→ **Aim of the task**: Only the stretch below from the line holding "Lakeside Retreat Lake" through the line holding "Photo of Basil" should be restated, word for word and with both ends included; pictures stay out.

→ **Records for the task**:

----------------

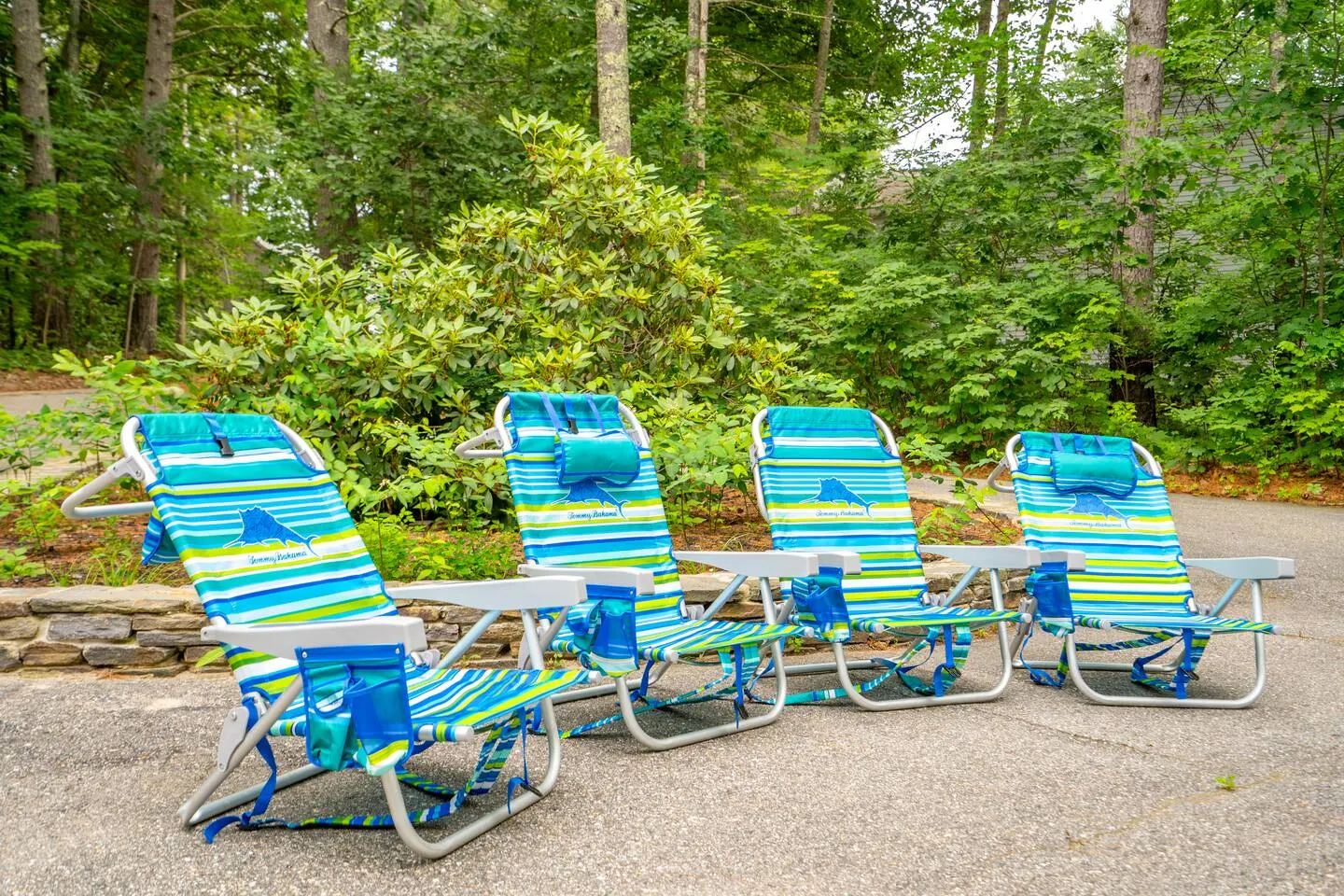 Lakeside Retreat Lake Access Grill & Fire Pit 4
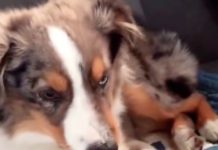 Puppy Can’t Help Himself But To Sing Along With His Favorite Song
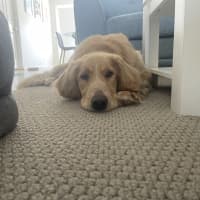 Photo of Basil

----------------

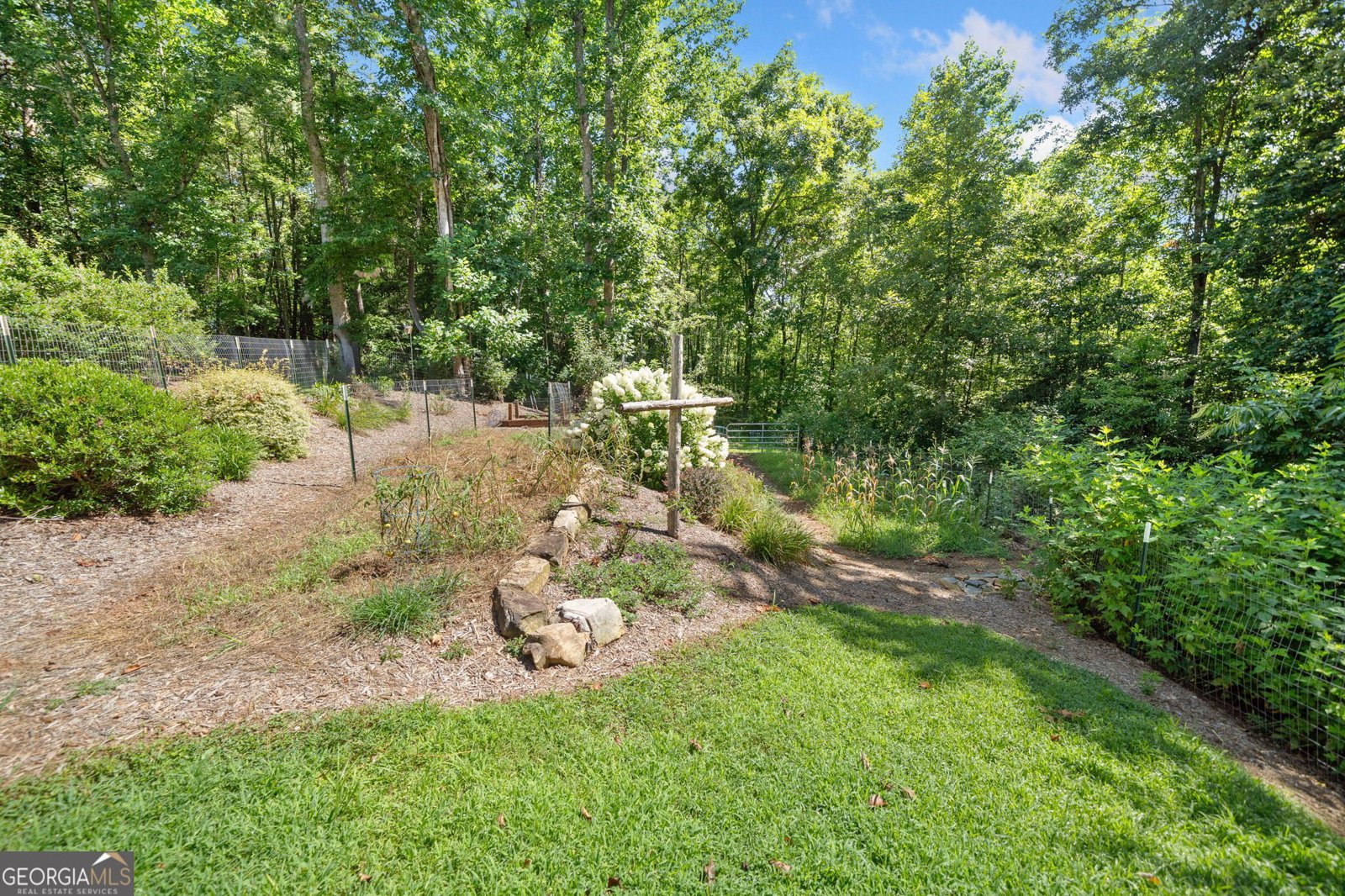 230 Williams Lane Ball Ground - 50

----------------

→ **Exercise answer**:
 Lakeside Retreat Lake Access Grill & Fire Pit 4
 Puppy Can’t Help Himself But To Sing Along With His Favorite Song
 Photo of Basil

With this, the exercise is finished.